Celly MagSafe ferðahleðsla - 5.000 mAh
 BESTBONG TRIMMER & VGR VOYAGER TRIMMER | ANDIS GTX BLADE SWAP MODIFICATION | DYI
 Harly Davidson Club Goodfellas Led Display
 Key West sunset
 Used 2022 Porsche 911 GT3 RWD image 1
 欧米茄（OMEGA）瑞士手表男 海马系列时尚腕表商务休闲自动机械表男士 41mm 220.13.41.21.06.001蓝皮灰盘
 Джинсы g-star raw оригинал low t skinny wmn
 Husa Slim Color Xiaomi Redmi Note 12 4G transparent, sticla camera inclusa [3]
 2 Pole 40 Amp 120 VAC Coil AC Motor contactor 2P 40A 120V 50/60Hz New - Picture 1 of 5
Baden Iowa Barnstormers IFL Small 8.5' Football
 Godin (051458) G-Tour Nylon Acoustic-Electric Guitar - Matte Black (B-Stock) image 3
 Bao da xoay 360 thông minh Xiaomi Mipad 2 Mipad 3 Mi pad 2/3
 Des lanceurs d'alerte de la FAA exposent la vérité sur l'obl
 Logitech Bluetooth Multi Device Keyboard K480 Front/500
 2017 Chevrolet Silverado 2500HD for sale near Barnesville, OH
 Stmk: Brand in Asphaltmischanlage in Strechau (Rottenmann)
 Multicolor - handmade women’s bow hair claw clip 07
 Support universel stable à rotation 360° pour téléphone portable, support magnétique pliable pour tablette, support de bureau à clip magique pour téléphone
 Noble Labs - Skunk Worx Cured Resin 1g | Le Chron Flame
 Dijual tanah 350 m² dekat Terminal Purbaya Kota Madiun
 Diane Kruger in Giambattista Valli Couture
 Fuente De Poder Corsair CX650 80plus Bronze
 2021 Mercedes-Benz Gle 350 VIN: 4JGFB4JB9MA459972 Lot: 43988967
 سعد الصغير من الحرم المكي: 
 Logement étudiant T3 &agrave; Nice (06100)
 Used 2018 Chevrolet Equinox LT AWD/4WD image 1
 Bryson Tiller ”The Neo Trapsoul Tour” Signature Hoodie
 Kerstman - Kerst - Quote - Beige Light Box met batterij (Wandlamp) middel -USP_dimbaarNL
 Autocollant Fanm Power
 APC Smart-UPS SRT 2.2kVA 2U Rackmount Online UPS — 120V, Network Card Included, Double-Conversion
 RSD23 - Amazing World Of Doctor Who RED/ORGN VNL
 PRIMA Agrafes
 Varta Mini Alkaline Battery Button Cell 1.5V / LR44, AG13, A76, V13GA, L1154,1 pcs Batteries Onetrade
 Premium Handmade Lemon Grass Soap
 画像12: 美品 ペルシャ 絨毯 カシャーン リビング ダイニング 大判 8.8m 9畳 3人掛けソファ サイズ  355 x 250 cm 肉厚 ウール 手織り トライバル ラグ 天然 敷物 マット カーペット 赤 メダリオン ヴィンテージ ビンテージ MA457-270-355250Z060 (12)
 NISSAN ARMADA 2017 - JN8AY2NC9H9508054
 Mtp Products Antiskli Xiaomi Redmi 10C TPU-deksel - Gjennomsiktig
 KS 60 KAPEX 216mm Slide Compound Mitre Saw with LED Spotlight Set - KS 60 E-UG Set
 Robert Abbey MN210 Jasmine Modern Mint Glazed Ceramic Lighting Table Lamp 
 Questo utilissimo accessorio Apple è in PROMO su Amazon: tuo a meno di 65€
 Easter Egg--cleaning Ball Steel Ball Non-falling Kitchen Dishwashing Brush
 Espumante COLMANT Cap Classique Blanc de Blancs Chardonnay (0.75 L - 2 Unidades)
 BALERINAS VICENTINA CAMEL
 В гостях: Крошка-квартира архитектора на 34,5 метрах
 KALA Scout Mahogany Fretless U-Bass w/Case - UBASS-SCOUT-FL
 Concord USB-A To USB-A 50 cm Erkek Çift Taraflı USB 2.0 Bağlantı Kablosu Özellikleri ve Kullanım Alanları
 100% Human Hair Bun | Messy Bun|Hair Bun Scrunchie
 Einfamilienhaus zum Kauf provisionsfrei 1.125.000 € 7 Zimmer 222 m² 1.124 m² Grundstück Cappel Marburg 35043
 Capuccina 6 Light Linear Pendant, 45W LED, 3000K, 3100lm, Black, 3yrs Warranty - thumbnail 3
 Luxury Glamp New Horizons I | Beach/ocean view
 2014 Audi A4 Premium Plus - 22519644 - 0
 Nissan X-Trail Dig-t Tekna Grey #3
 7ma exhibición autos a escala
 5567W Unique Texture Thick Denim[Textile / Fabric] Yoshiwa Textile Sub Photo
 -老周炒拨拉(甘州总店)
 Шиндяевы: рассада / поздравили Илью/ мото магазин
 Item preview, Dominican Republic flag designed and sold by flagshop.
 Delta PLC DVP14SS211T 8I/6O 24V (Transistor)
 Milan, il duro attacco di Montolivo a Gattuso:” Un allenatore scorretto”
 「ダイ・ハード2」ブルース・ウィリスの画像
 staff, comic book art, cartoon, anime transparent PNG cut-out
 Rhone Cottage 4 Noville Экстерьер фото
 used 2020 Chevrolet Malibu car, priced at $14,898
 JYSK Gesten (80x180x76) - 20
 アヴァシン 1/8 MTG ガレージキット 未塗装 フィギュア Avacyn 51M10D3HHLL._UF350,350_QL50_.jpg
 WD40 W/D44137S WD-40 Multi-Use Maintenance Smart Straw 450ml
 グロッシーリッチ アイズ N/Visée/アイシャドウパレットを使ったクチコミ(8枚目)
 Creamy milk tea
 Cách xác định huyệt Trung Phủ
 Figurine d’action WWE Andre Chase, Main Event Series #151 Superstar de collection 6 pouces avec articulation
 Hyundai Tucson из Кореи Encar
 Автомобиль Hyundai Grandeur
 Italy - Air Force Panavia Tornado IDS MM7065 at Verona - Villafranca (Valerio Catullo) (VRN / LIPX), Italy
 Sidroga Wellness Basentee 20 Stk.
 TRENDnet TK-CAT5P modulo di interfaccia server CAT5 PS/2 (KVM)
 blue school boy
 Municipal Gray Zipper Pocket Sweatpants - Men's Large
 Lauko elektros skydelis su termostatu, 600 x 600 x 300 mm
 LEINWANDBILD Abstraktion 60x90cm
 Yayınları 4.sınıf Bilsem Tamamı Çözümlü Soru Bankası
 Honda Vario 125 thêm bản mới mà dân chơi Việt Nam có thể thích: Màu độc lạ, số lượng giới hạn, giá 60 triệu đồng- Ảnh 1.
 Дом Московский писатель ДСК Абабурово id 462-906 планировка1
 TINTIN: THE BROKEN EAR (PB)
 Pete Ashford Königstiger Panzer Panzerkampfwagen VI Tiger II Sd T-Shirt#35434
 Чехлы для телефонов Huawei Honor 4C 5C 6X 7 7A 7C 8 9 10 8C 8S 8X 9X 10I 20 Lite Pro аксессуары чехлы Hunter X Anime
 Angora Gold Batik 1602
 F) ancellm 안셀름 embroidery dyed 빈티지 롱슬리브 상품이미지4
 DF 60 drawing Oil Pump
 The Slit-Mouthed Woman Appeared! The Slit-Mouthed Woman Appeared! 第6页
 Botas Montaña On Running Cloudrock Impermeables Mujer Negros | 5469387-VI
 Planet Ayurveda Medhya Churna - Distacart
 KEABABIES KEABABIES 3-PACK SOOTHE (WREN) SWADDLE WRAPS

━━━━━━━━

◆ **Task description**
Your answer should consist of the lines above that hold the word "Black", copied exactly.

◆ **Solution below**
 Godin (051458) G-Tour Nylon Acoustic-Electric Guitar - Matte Black (B-Stock) image 3
 Capuccina 6 Light Linear Pendant, 45W LED, 3000K, 3100lm, Black, 3yrs Warranty - thumbnail 3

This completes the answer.